Greta Thunberg seeks to trademark her name and movement
January 29, 2020
The 17-year-old climate activist said the trademark was meant "to protect the movement" from being used for commercial purposes. Thunberg has also set up a foundation to be transparent about the movement's financing.
Climate activist Greta Thunberg is seeking to trademark her name and the Fridays for Future campaign in a move meant "to protect the movement and its activities," she wrote on Instagram on Wednesday.
In her post on the photo sharing platform, Thunberg said she and her fellow school strikers have "absolutely no interests in trademarks, but unfortunately it needs to be done."
The trademarks would cover the 17-year-old Swede's name, as well as the name of the "Fridays for Future" movement and 'Skolstrejk för klimatet' (which translates as "School strike for the climate" in Swedish), the slogan on a sign she held during her weekly solo climate protests outside of Sweden's parliament which inspired similar protests by other activists.

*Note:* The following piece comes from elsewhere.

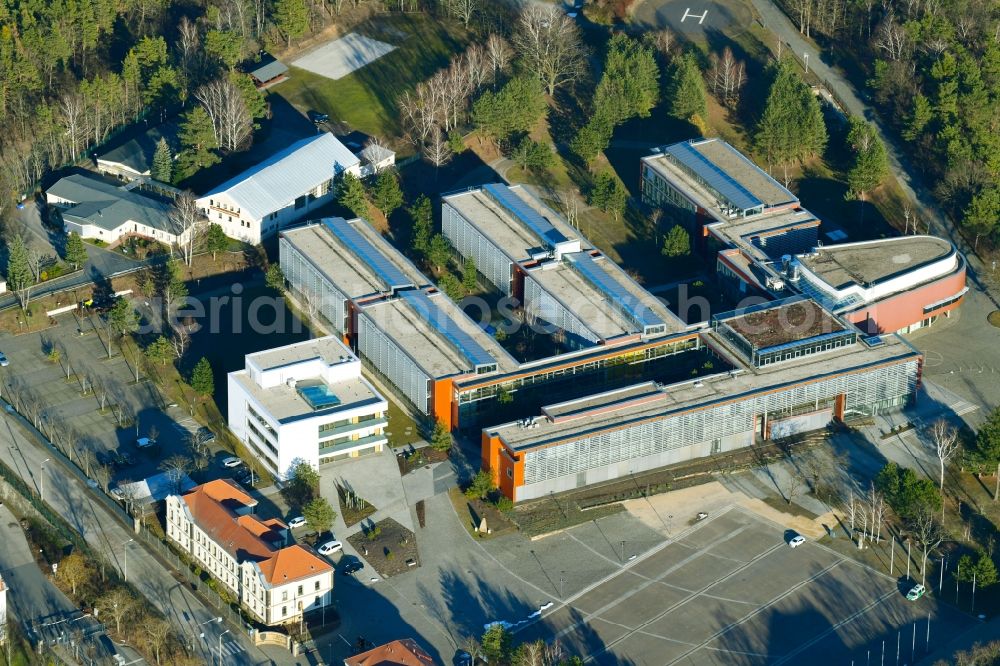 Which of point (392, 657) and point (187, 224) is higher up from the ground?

The climate activist said the trademark was needed because her name and that of the movement "are constantly being used for commercial purposes without any consent whatsoever."

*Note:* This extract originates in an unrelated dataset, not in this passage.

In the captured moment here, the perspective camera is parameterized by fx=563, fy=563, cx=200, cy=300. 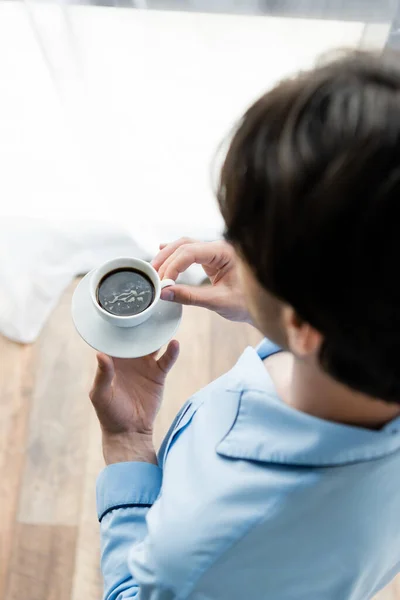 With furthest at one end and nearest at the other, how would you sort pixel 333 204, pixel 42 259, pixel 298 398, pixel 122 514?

"It happens, for instance, in marketing, selling of products and people collecting money in my and the movement's name," she wrote.
"Fridays For Future is a global movement founded by me. It belongs to anyone taking part in it, above all the young people. It can — and must — not be used for individual or commercial purposes," she added.

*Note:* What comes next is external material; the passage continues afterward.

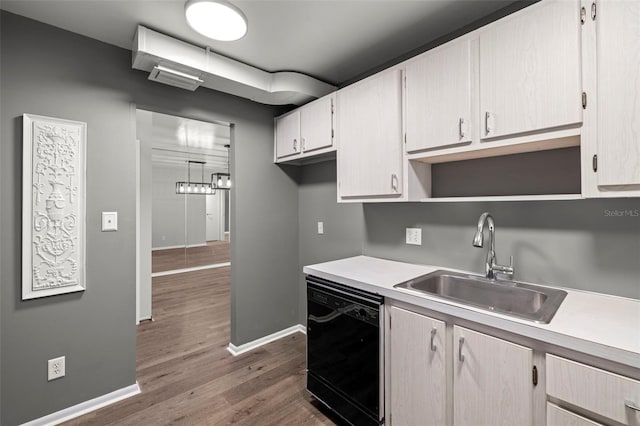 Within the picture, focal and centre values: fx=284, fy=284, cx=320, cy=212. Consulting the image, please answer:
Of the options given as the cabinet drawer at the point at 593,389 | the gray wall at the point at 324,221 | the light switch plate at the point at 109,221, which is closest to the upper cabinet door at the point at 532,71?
the cabinet drawer at the point at 593,389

Thunberg also announced that she and her family were setting up a foundation "for handling money (book royalties, donations, prize money etc.) in a completely transparent way."
Thunberg was named Time Magazine's Person of the Year in 2019 for her climate activism. Earlier this month she attended the World Economic Forum in Davos, where she and her fellow activists urged world leaders and politicians to listen to climate activists and to take action on global warming.